I am using Sakamoto's algorithm to find out the day of week from a given date.
Can anybody tell me the correctness of this algorithm? I just want this from 2000 to 2099.
The algorithm from Wikipedia is given for reference.
int dow(int y, int m, int d)
{
static int t[] = {0, 3, 2, 5, 0, 3, 5, 1, 4, 6, 2, 4};
y -= m < 3;
return (y + y/4 - y/100 + y/400 + t[m-1] + d) % 7;
}
Well, you can tell just by looking at it that it is correct... Assuming that the t[] array is correct, which you can verify with just 12 spot checks (one for each month using any day/year).

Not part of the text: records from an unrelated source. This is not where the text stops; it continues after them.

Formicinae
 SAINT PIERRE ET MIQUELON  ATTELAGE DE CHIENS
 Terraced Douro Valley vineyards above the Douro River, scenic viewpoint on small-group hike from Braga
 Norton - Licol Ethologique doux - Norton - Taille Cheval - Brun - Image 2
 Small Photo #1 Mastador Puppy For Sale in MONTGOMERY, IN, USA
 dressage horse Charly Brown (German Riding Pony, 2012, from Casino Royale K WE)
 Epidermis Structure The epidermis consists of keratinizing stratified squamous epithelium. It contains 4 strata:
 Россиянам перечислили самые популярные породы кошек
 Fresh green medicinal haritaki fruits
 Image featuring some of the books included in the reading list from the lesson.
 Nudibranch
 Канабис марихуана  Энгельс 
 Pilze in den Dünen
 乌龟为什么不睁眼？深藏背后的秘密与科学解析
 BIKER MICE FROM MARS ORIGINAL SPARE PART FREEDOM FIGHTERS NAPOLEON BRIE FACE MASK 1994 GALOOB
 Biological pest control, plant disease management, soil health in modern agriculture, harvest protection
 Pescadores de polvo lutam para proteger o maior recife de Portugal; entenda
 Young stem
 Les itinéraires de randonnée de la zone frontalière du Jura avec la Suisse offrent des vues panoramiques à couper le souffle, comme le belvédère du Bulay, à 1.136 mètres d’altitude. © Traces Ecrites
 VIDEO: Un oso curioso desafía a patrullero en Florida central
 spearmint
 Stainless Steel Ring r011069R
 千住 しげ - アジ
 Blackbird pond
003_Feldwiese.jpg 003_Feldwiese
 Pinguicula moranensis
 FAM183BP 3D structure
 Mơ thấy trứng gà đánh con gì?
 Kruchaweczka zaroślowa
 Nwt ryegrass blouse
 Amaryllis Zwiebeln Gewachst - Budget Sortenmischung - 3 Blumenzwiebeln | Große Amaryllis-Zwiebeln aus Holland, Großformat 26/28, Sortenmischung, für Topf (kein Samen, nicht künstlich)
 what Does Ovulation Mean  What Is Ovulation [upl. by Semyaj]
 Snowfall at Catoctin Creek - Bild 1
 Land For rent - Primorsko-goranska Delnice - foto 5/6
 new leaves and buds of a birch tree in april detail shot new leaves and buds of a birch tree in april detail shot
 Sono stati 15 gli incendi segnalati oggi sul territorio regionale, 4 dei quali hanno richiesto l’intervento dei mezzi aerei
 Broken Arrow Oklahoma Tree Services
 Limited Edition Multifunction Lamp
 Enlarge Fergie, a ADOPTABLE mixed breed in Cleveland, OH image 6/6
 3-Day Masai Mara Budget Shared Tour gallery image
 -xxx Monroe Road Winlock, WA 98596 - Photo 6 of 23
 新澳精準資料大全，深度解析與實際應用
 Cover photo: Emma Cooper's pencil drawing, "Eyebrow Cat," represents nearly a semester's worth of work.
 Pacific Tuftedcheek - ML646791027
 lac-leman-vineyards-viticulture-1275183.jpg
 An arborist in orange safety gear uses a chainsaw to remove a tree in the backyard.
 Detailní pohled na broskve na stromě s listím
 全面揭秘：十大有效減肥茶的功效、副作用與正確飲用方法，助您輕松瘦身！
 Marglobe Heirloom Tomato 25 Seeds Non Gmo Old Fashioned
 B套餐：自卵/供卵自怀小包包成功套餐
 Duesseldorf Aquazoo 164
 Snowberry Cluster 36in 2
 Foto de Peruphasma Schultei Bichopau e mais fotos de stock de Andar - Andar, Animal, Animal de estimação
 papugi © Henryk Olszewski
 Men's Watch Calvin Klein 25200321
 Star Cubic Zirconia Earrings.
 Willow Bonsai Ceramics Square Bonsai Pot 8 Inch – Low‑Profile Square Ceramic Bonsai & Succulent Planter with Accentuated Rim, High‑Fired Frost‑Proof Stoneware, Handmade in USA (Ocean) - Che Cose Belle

The y -= m < 3 is a nice trick. It creates a "virtual year" that starts on March 1 and ends on February 28 (or 29), putting the extra day (if any) at the end of the year; or rather, at the end of the previous year. So for example, virtual year 2011 began on Mar 1 and will end on February 29, while virtual year 2012 will begin on March 1 and end on the following February 28.
By putting the added day for leap years at the end of the virtual year, the rest of the expression is massively simplified.
Let's look at the sum:
(y + y/4 - y/100 + y/400 + t[m-1] + d) % 7
There are 365 days in a normal year. That is 52 weeks plus 1 day. So the day of the week shifts by one day per year, in general. That is what the y term is contributing; it adds one to the day for each year.
But every four years is a leap year. Those contribute an extra day every four years. Thanks to the use of virtual years, we can just add y/4 to the sum to count how many leap days happen in y years. (Note that this formula assumes integer division rounds down.)
But that is not quite right, because every 100 years is not a leap year. So we have to subtract off y/100.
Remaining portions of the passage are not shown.